--- Input for this task Enclosed Below ---

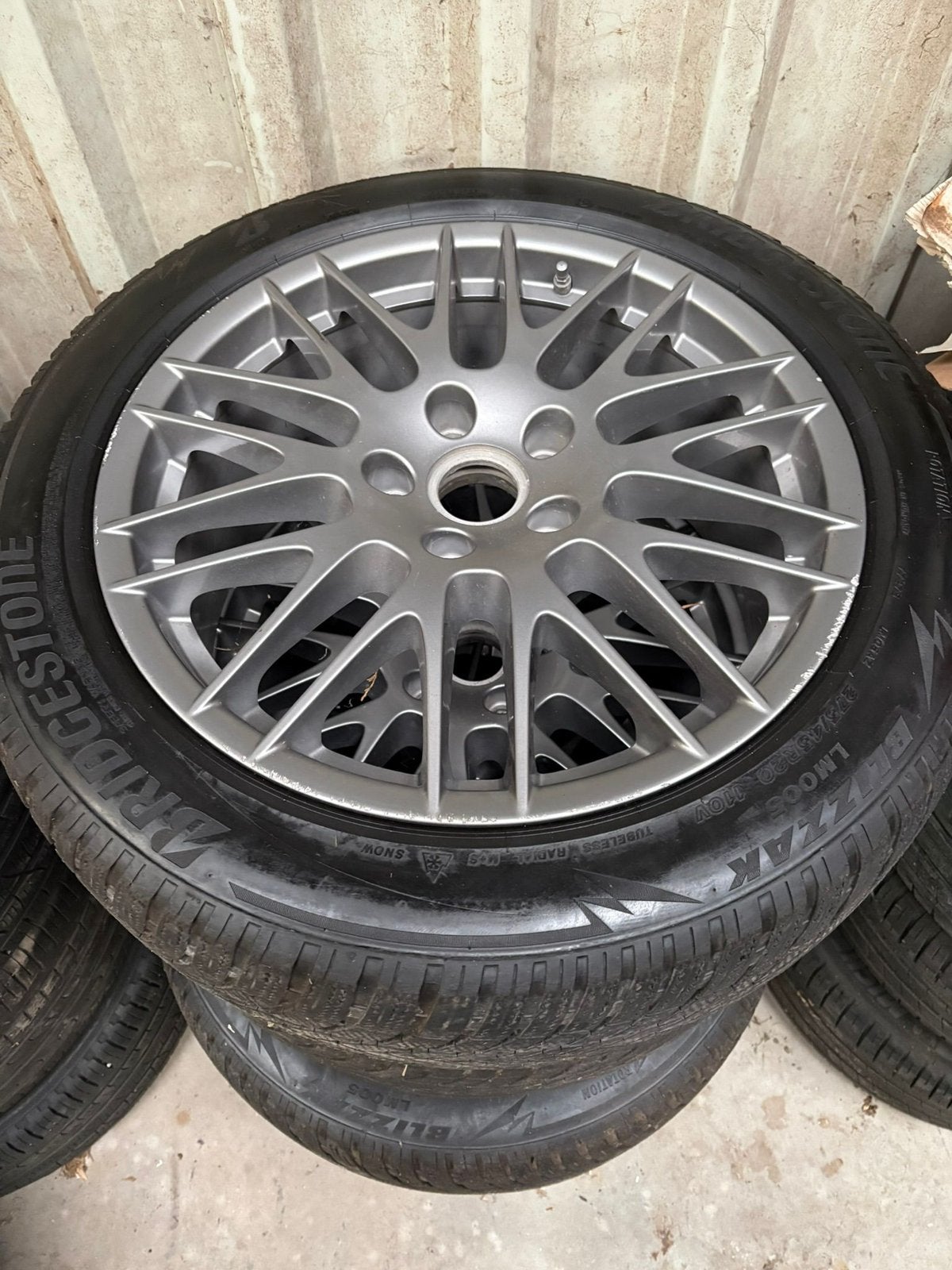 Porsche cayenne velgen met band, Ophalen
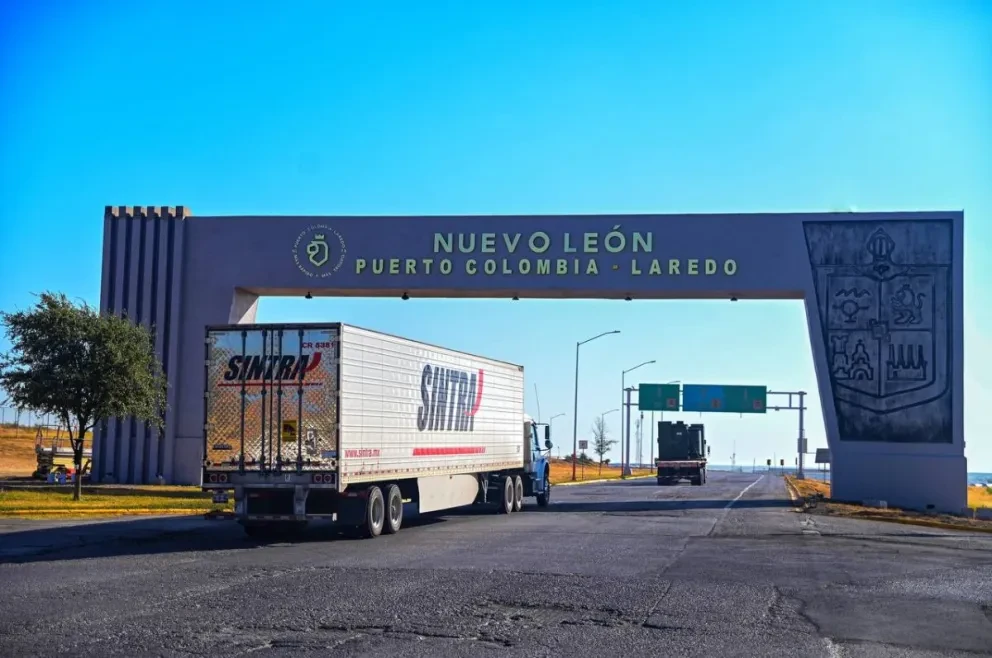 Inauguran arcos de entrada y salida de Puerto Colombia – Laredo. Foto: Cortesía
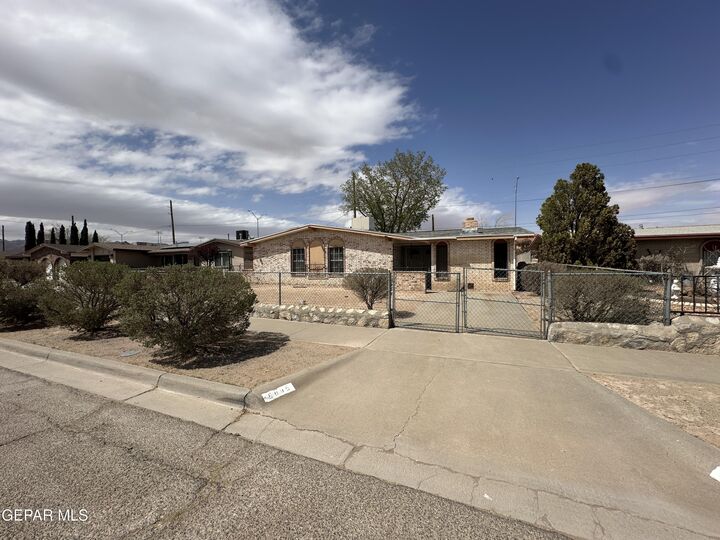 6005 Midas Drive  El Paso TX 79924 photo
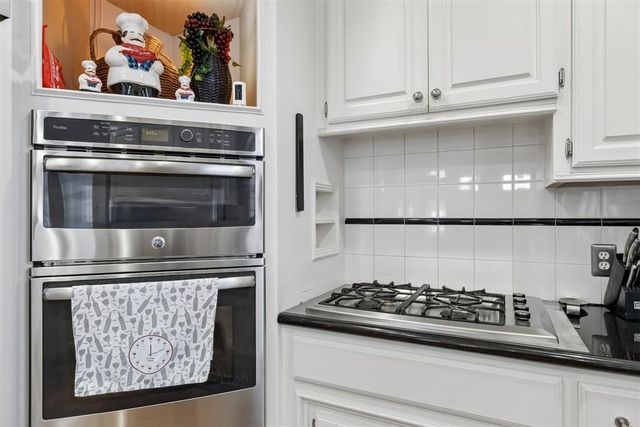 2600 Grand National Drive, Edmond, OK 73034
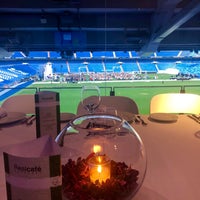 Foto diambil di Real Café Bernabéu oleh Alberto A. pada 7/4/2019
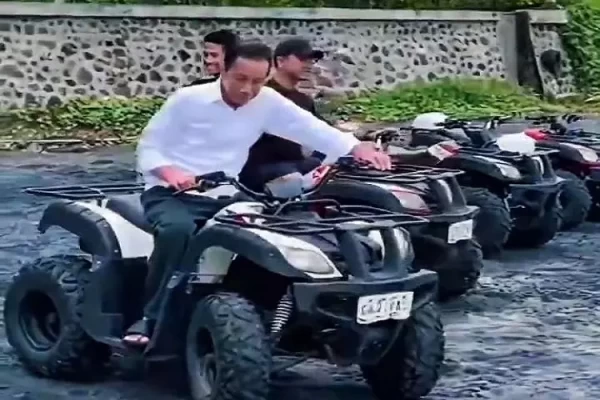 Heboh Video Jokowi Naik ATV Bareng Cucu, Ali Syarief: Panggung Opera Biru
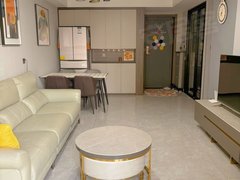 驻马店驿城大商新玛特北区推荐学校周边 天中茗苑步梯装修不错 两室一厅出租房源真实图片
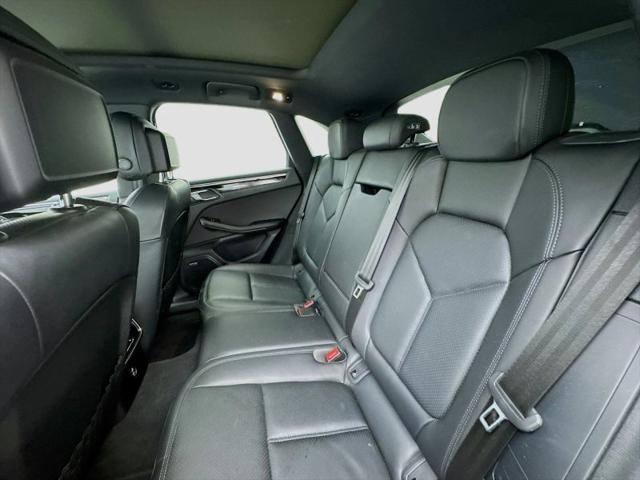 2025 Porsche Macan T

--- End of Enclosed Input for this task ---

- [Problem]:
Each line from the one holding "6005 Midas Drive" to the end of the records above must be copied exactly; the pictures must not be copied.

- [Result of the exercise]:
 6005 Midas Drive  El Paso TX 79924 photo
 2600 Grand National Drive, Edmond, OK 73034
 Foto diambil di Real Café Bernabéu oleh Alberto A. pada 7/4/2019
 Heboh Video Jokowi Naik ATV Bareng Cucu, Ali Syarief: Panggung Opera Biru
 驻马店驿城大商新玛特北区推荐学校周边 天中茗苑步梯装修不错 两室一厅出租房源真实图片
 2025 Porsche Macan T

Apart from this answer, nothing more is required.